I held the drill at full power for a minute straight and this is it?! This was not what happened. Unfortunately, the spade bit (which should never be used on metal anyway, especially not like this!) just blunted out completely and polished the aluminum at a depth of about 1/16″.

I left this full size (3000 px wide, 3 megs, blame my carelessness with the quality slider) if you want to investigate the metallurgical structures of aluminum. I think I almost snapped the table right off the drill press by slamming the lever so hard.

Next upgrade: Giant outrunner powered drill press. Therefore, I had to resort to the OTHER brute force machining. Drilling holes in a circle, then bridging those holes with a Dremel drywall cutting bit. This worked very well.

Noob mistake: cut out the center before drilling the hole. Here is the throttle body with the potentiometer mounted. It will be clamped to the handlebar. Why couldn’t I use a stock, well-built, easily purchaseable throttle? Because the handlebar is a weird diameter nobody makes accessories for.

No torsion spring? NO PROBLEM! Complete throttle body with aluminum thumb lever thing, which will probably be dipped in something soft. I couldn’t believe that none of the random mechanical tidbits I stockpile had a single usable torsion spring. In the end, I faked it out with a tension spring wrapped around the resistor shaft. The spring anchor screw was dug out from my hardware trap, and is an odd standoff-screw at the most convenient height possible. This screw also acts as a travel limiter.

I found that using a 10K pot was better than a 5K as perscribed in the original servo tester circuit since it made the useful travel range smaller; that is, more usable with a thumb lever. The bottom travel limit is the potentiometer body itself, and corresponds to 0% power on the controller. The top end travel limiter is the screw, and it stops exactly where “full throttle” on the controller is. The controller automatically shuts down if it gets past this angle, causing the electric brake to kick in and me to probably fly off. Therefore, the stop is right before this limit.

I had a really shiny knob that was going to be the lever... Mounted on the right side handle bar. It’s nice when things just work.

I could have just redrilled... but no. Working on the switchbox. I had to yank the big 10 gauge cables through the holes in the box with pliers, because the holes weren’t quite big enough. Originally, the holes were for LEDs – a red one for “low battery” and a green one for…well, something other than low.

I had to break out the huge 15 inch long 100 watt iron to solder the big cables to the big relay terminals.

There's no smartass comment for this one. Power meter tape-welded to a bent metal plate screwed to the completed switchbox, which has been mounted back in its original position. It’s a nice fit. The angle could be a bit shallower, but I won’t take it off and adjust it again for fear of breaking things.

Notice the white wire next to the thick red and black ones. This is actually a four-conductor cable salvaged from a computer mouse. Conveniently, it was six feet long, and had all four conductors I needed – +12v for the meter, and three wires for the throttle. There’s so much convenience on this thing it’s not even funny. Actually, it is.
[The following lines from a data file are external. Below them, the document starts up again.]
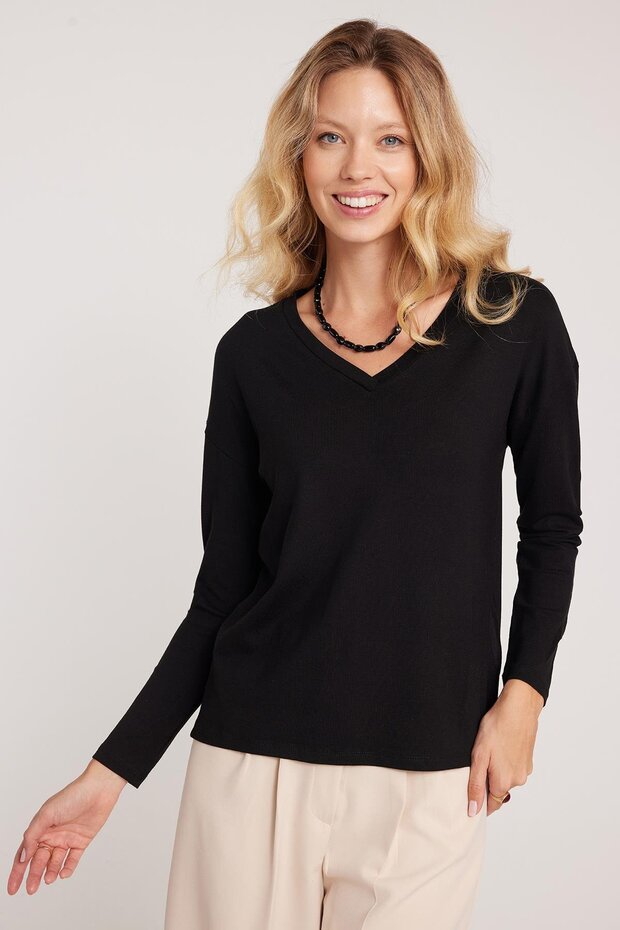 Women's Slim Fit Slim Fit Viscose Fabric V Neck Black Blouse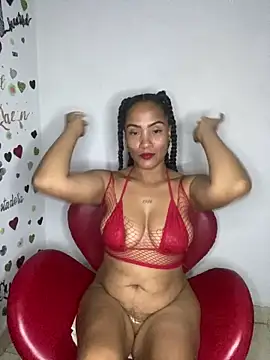 Snapshot of AdelaHaneix chatting on November 22, 6:23 am AdelaHaneix online show from November 22, 6:23 am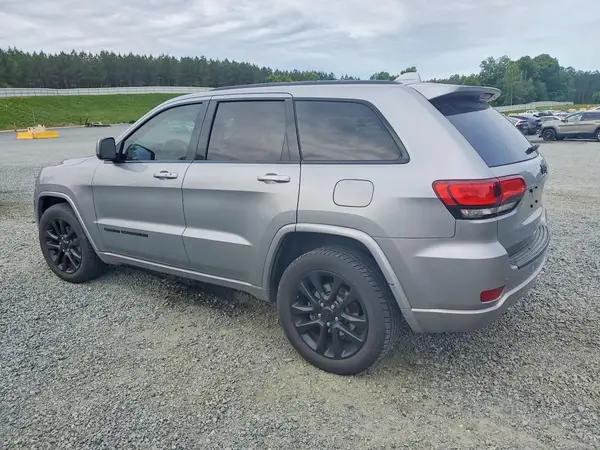 1C4RJEAG8KC572142 2019 JEEP GRAND CHEROKEE - Image 2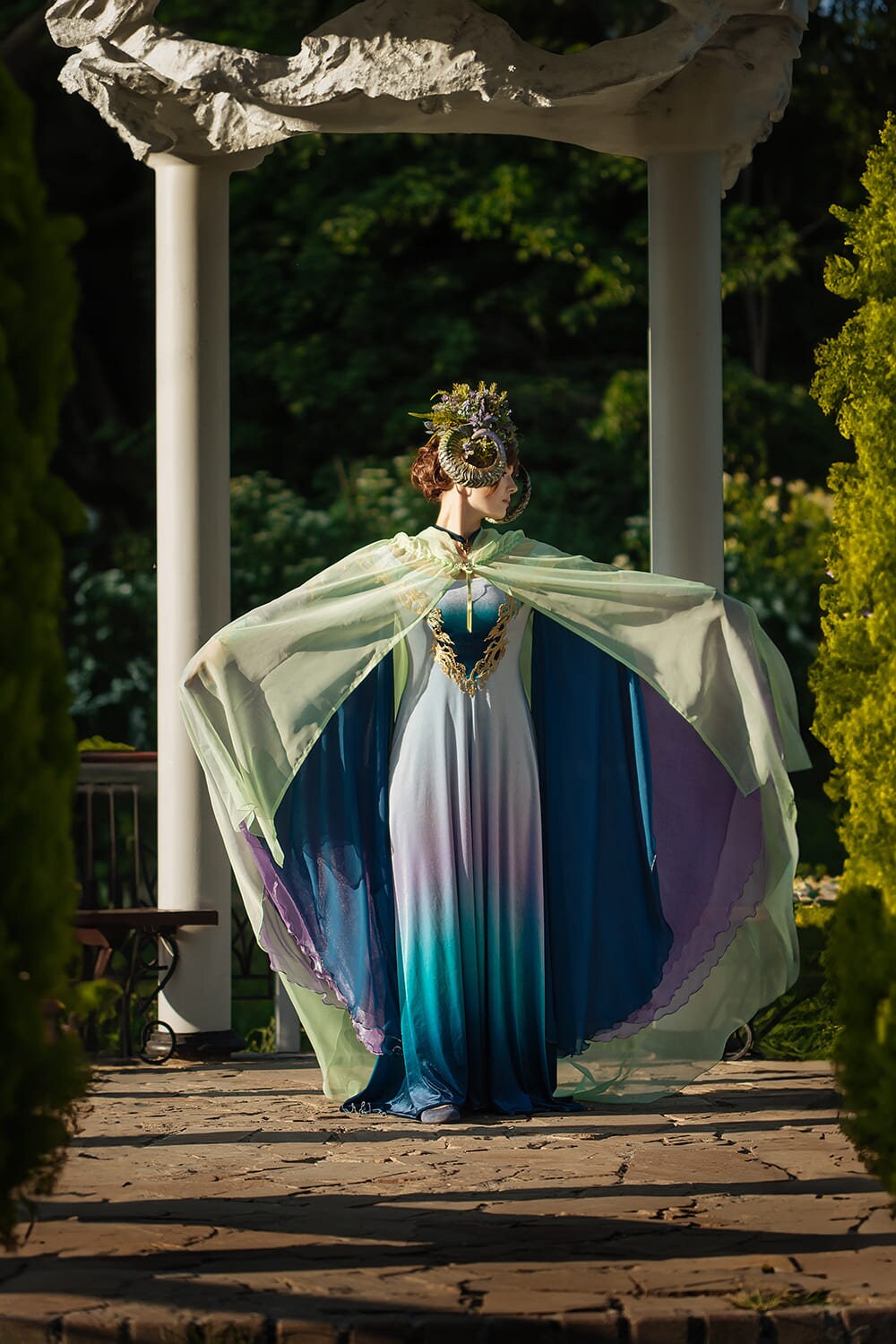Light Green Tulle Cape, Sheer Hooded Cloak, Mint Wicca Cloak Light Green Tulle Cape, Sheer Hooded Cloak, Mint Wicca Cloak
One more interesting feature is that the red and black wires are both on the battery negative side of the whole electrical system. Why? Because I had six feet of red and black zip wire, not six feet of black and black. Interesting things will happen if I wire this red cable to positive, such as dead shorting through the relay and making a huge smoke cloud. Watch for this.

Wiring everything else up takes too long. Dummy motor says everything is working as it should!

Now the only thing left is to get another slab of 2.5″ aluminum and some more servo leads. Then it could be done. By this weekend, even.

Watch for a MAJOR BUILD DISASTER in the near future! All my projects have Major Build Disasters around now, and I don’t think this is an exception!